La poussière est loin d’être retombée et personne ne sait encore évaluer précisément les dommages de cette journée du 5 août. Encore ébaubis, les analystes et les investisseurs financiers cherchent à comprendre ce qui s’est vraiment passé. S’agit-il d’un de ces krachs boursiers comme ils en ont connu en 1987 ou en 1998, qui se sont révélés sans lendemain grâce aux interventions massives des banques centrales ? Ou l’effondrement boursier est-il le signe avant-coureur d’une crise plus profonde qui couve ?
Les analystes des grandes banques se disputent sur l’interprétation à donner. Certains, comme ceux de JP Morgan, pensent que cette correction boursière, certes impressionnante, n’est que passagère et que tout reprendra son cours rapidement. D’autres, à l’instar de Goldman Sachs, estiment que la correction n’est pas assez forte : les marchés boursiers restent surévalués, selon eux, en décalage total par rapport aux perspectives de l’économie réelle.
En moins de quatre jours, toutes ces certitudes, qui constituaient les piliers du narratif économique du monde financier actuel, ont été balayées.
Quelle que soit l’analyse retenue, tous cependant sont obligés d’en convenir : quelque chose s’est cassé au cours de ces derniers jours. La planète financière était persuadée jusqu’alors que la Banque du Japon ne remettrait jamais en cause sa politique monétaire ultra-accommodante à l’œuvre depuis dix-sept ans. Tout comme elle était convaincue d’une exception économique américaine, prospère et dynamique, dans un monde en plein marasme. Et elle était certaine que les développements de l’intelligence artificielle (IA) et de l’économie numérique allaient connaître une croissance fulgurante, apportant des centaines de milliards de profits.
En moins de quatre jours, toutes ces certitudes, qui constituaient les piliers du narratif économique du monde financier actuel, ont été balayées.
La décision de la Banque centrale japonaise d’augmenter de 0,25 % ses taux d’intérêt le 31 juillet a pris tout le monde de court. Même si les spécialistes n’ignoraient rien des dissensions existantes entre le gouvernement japonais, favorable à une remontée des taux pour soutenir un yen en chute constante par rapport au dollar, et le gouverneur de la Banque du Japon prônant la plus grande prudence dans les changements de la politique monétaire, ils ne pensaient pas que le changement de cap interviendrait si vite.

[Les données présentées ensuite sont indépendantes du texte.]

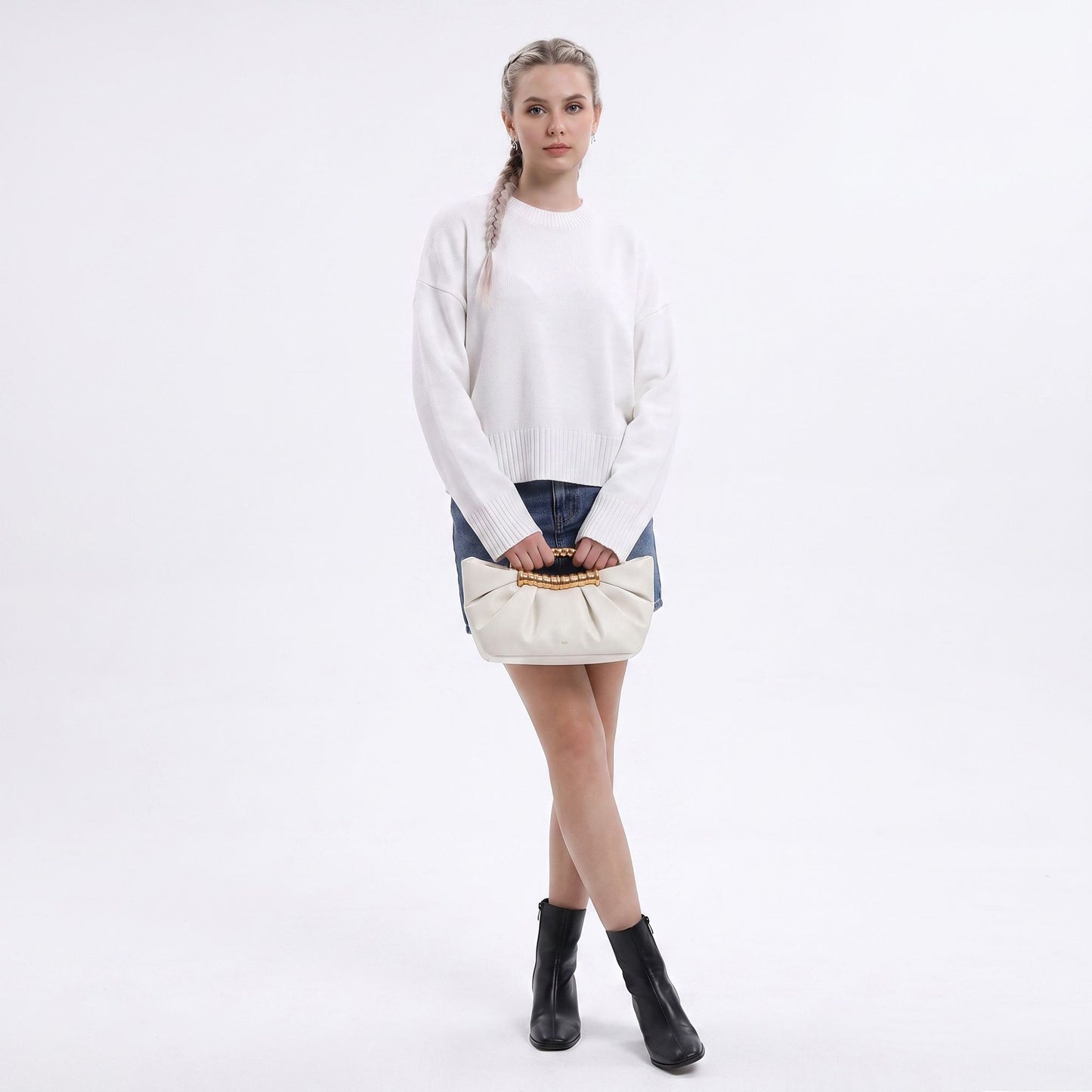 Oversized Crewneck Knit Sweater with Flared Sleeves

Tous les financiers ont été pris à contre-pied. Cela fait des années qu’ils ont pris l’habitude d’utiliser les techniques du carry trade rendu possible par la politique monétaire japonaise : empruntant à taux zéro, voire négatifs, sur le marché japonais, ils ont investi sur des produits risqués ailleurs, assurés d’empocher des gains confortables.
Cette hausse même minime des taux d’intérêt a bouleversé tous leurs calculs. Obligés de faire face à des appels de marge plus élevés, les financiers ont commencé à vendre massivement leurs avoirs dès vendredi. Les algorithmes ont fait le reste, provoquant la déroute boursière du 5 août.
Alors que ces opérations de carry trade sont évaluées à plus de 20 000 milliards de dollars – une vraie menace totalement sous-estimée pour la stabilité financière – la Banque du Japon s’est retrouvée piégée : elle n’a pas eu d’autre choix que de promettre de ne rien changer pour rassurer le monde financier.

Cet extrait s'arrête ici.